OpenAI n’a pas publié le résultat seul dans son coin. La preuve, d’environ 125 pages, est accompagnée d’un papier compagnon de 19 pages signé par neuf mathématiciens de premier plan, parmi lesquels Noga Alon (Princeton), le médaillé Fields Tim Gowers, Thomas Bloom, Daniel Litt et Will Sawin. Leur rôle : vérifier, digérer et reformuler l’argument produit par l’IA. Conclusion sans ambiguïté : l’IA a raison.

Une précision qui compte sur la paternité du résultat : la preuve technique de 125 pages est signée par le chercheur Lijie Chen, avec « support computationnel » du modèle d’OpenAI. Autrement dit, le modèle a produit la construction et la preuve mathématique, mais leur mise en forme finale et leur encadrement sont passés par un humain.

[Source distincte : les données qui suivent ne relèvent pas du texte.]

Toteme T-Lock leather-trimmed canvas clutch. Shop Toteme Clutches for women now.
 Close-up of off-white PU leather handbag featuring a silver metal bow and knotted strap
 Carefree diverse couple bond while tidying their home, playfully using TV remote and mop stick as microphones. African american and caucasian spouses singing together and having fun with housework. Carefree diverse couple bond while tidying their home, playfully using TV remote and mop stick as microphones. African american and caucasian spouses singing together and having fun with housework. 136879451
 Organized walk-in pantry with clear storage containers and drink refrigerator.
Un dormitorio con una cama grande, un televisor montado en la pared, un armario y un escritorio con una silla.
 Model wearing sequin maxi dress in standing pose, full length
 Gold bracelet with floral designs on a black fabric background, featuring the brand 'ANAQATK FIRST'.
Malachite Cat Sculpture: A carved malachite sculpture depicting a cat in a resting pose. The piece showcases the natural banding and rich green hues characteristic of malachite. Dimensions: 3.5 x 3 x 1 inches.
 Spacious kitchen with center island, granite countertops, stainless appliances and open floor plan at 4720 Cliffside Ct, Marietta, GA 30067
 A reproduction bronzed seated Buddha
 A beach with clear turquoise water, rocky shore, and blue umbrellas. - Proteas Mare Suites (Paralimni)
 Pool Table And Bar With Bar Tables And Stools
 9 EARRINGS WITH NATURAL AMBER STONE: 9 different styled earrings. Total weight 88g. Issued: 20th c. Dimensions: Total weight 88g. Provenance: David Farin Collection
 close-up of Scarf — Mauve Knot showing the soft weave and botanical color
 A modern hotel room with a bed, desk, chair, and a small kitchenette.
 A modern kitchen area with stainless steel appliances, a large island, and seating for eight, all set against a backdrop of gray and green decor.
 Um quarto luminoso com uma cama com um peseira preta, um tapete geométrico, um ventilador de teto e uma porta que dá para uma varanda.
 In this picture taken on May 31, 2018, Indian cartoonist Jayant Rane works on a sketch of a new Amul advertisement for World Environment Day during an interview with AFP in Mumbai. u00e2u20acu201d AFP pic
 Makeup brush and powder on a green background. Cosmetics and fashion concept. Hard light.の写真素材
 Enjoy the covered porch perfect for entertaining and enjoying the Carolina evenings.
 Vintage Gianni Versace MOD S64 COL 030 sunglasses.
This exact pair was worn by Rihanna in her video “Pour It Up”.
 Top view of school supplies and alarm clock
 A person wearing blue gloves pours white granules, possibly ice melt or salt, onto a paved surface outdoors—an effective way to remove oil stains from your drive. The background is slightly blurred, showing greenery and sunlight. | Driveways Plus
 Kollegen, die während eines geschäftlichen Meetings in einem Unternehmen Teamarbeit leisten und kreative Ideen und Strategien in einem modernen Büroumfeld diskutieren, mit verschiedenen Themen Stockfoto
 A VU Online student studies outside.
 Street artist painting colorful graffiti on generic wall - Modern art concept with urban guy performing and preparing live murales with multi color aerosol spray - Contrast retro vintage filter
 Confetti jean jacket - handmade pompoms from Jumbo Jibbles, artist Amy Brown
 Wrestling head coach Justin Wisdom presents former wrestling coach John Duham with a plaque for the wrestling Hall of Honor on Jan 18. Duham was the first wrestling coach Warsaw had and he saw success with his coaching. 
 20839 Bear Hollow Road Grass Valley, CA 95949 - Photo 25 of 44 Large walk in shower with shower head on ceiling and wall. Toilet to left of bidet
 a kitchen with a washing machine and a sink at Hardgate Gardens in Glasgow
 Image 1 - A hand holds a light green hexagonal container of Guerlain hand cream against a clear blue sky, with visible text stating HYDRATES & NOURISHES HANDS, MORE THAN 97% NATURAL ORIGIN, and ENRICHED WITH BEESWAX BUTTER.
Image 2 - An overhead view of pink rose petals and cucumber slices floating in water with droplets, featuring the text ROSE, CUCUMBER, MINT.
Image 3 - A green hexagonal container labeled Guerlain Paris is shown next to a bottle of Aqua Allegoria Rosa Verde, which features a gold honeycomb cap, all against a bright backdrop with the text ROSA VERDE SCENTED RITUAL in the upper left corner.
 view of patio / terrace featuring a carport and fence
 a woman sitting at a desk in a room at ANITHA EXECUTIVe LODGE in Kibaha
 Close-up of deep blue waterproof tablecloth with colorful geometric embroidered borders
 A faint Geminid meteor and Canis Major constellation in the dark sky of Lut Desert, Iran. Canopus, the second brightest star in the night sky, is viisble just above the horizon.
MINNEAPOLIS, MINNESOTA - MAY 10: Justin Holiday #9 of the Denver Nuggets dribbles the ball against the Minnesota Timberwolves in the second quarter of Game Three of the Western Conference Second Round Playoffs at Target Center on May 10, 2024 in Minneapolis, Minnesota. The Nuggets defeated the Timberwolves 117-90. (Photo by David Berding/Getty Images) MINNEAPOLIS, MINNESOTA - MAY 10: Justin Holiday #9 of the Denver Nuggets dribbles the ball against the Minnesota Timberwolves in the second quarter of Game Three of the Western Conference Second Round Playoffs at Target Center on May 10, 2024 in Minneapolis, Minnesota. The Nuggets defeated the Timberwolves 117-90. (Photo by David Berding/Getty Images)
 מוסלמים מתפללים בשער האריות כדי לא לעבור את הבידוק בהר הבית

Ce qui est nouveau, ce n’est pas qu’une IA ait participé à un papier de maths, ça arrive depuis des années, c’est qu’elle ait apporté l’idée originale qui débloque le problème.

Le médaillé Fields Tim Gowers, signataire du papier compagnon, qualifie le résultat d’« étape importante pour les maths assistées par IA ». Ce qui, dans la bouche d’un médaillé Fields, ne ressemble pas à un compliment poli. Il va même plus loin : il aurait recommandé sans hésiter la publication d’une telle preuve dans les Annals of Mathematics, l’une des revues les plus sélectives de la discipline.

Contexte utile : ce n’est pas la première fois qu’OpenAI met en avant un résultat mathématique de ses modèles. En octobre 2025, des dirigeants de l’entreprise avaient affirmé que GPT-5 avait « résolu » dix problèmes d’Erdős, avant que le mathématicien Thomas Bloom, qui maintient le site de référence ErdosProblems.com et qui figure cette fois parmi les signataires du papier compagnon, ne dénonce une « représentation dramatiquement trompeuse » : le modèle avait en réalité retrouvé des solutions déjà publiées. La différence ici, c’est qu’on a une preuve nouvelle, vérifiée par des humains, publiée avec son papier compagnon.

80 ans de silence ne veulent pas dire que personne n’avait essayé. Les meilleurs spécialistes du monde s’y étaient cassé les dents. Qu’un modèle généraliste, pas vendu comme prodige des maths, ramène une percée par un détour aussi inattendu que la théorie algébrique des nombres, ça interroge sérieusement sur ce qu’on est en droit d’attendre des générations suivantes. Pour les mathématiciens, ce n’est probablement plus une question de « est-ce que l’IA va aider ? », mais de « qui va lire les preuves ».